Your objective:
Only an exact repeat of the listing, without its images, counts as the answer.

** Data below follows **

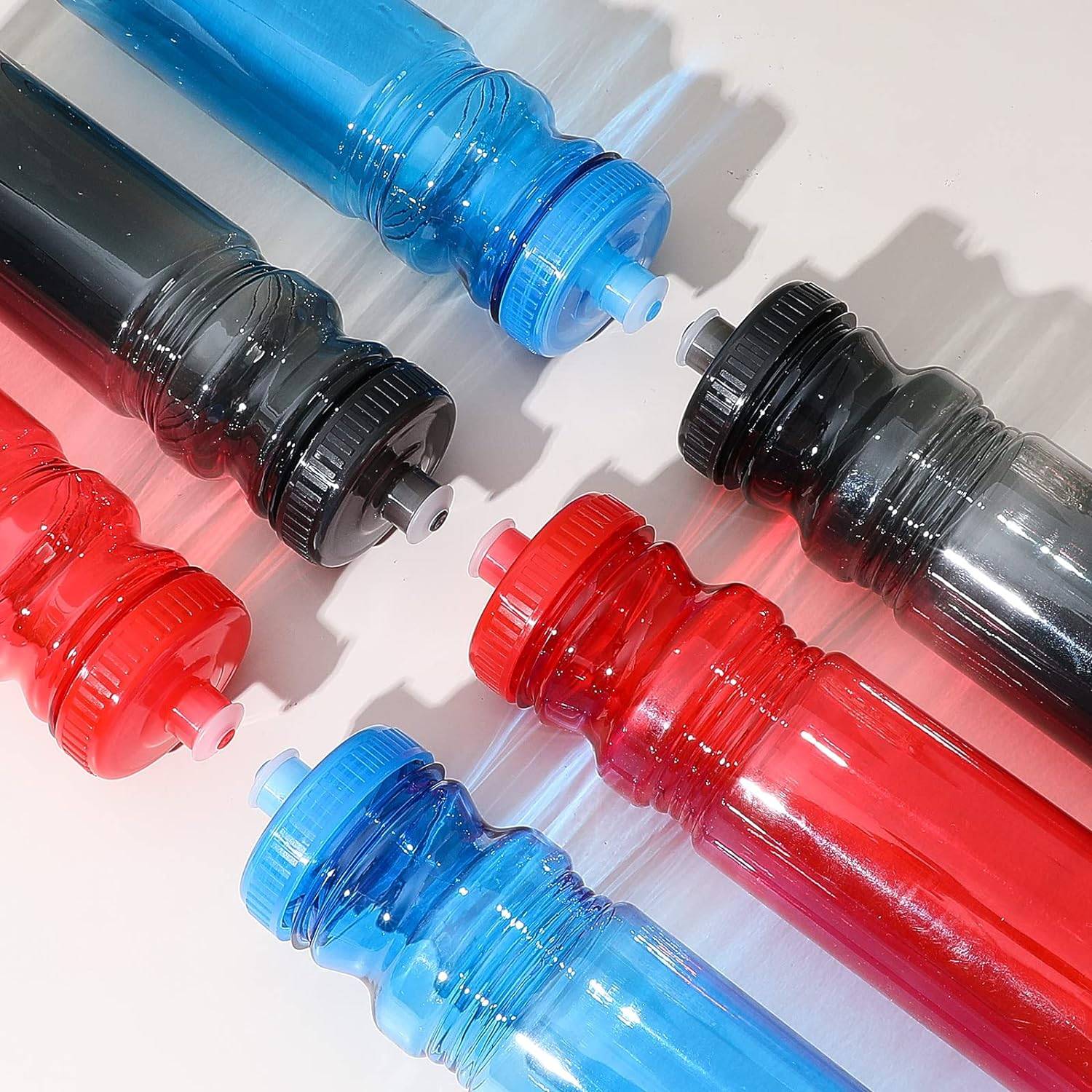 24Oz Lightweight Reusable Plastic Sport Bottle 6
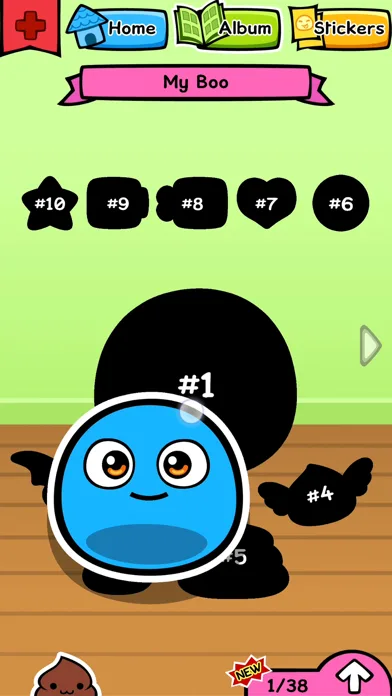 My Boo Album: Книга наклеек screenshot 3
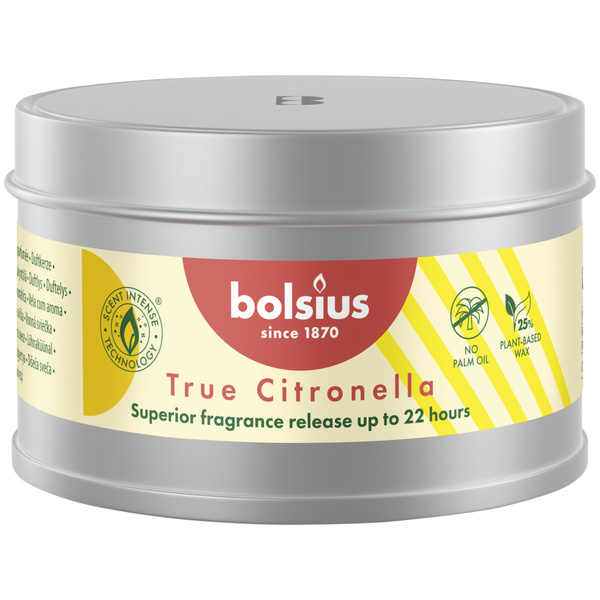 Bolsius Buitenkaars Citronella voorkant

** End of Data below **

Exercise result:
 24Oz Lightweight Reusable Plastic Sport Bottle 6
 My Boo Album: Книга наклеек screenshot 3
 Bolsius Buitenkaars Citronella voorkant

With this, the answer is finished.